**Task instructions:**
Here the job is to transcribe the data exactly while omitting the images.

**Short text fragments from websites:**
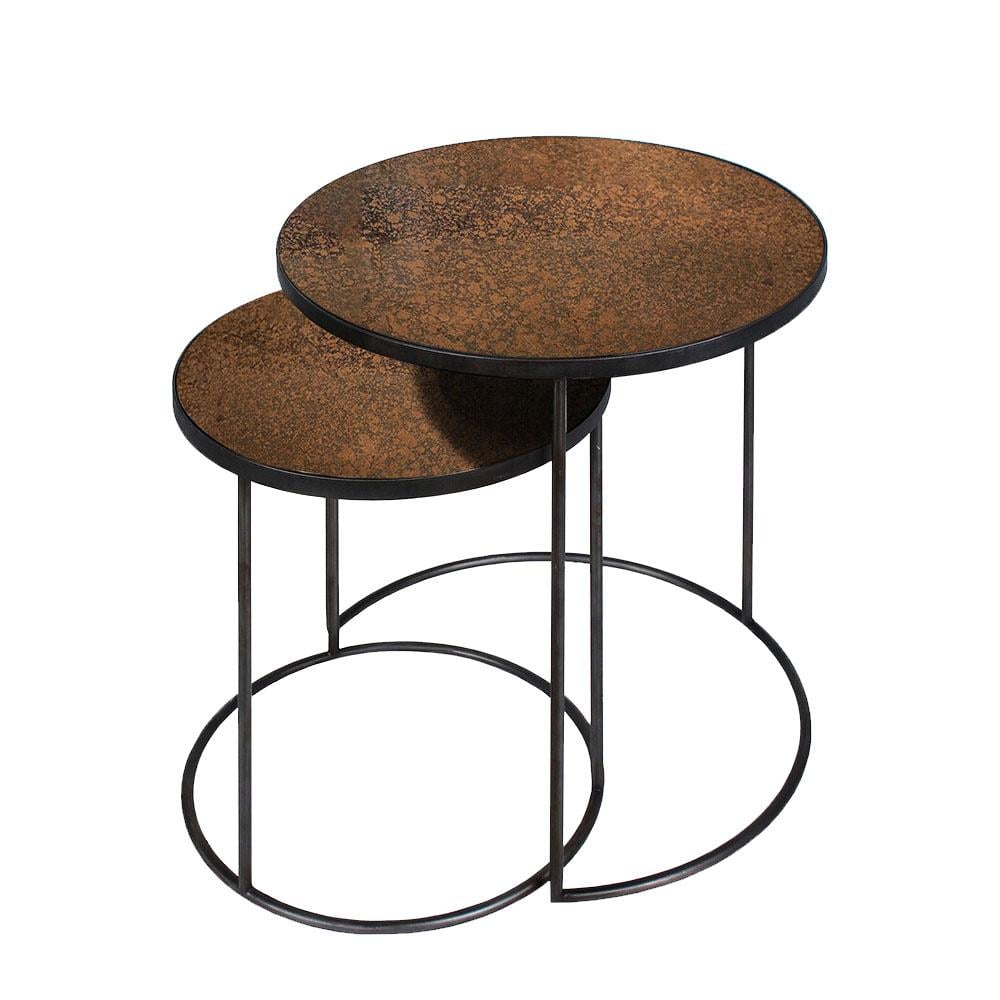 Nesting Copper İkili Set Yan Sehpa-Copper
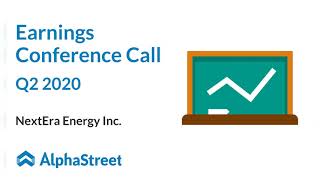 NEE Stock | NextEra Energy Q2 2020 Earnings Call
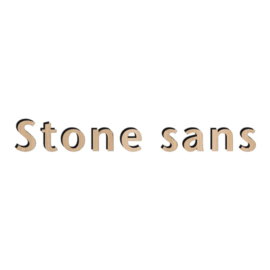 Stone sans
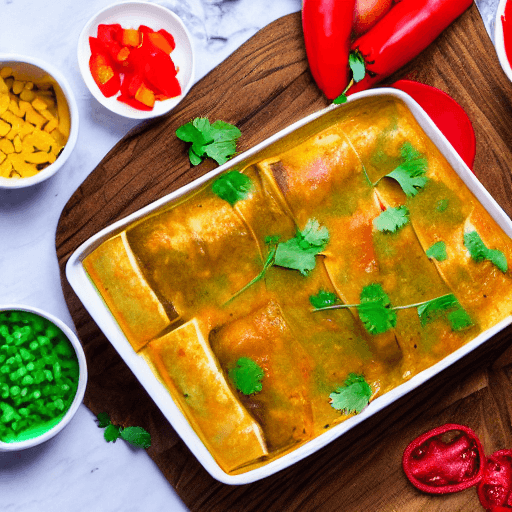 enchiladas de pollo food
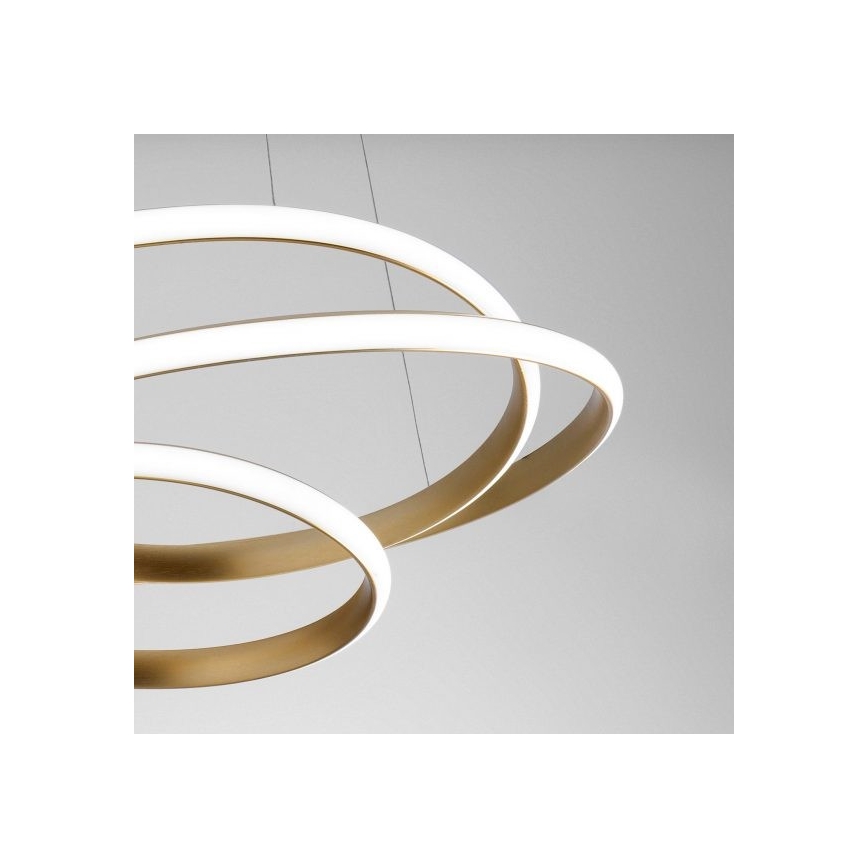 Gea Luce DIVA S P ORO - LED Hämardatav lühter DIVA LED/43W/230V kuldne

**Exercise result:**
 Nesting Copper İkili Set Yan Sehpa-Copper
 NEE Stock | NextEra Energy Q2 2020 Earnings Call
 Stone sans
 enchiladas de pollo food
 Gea Luce DIVA S P ORO - LED Hämardatav lühter DIVA LED/43W/230V kuldne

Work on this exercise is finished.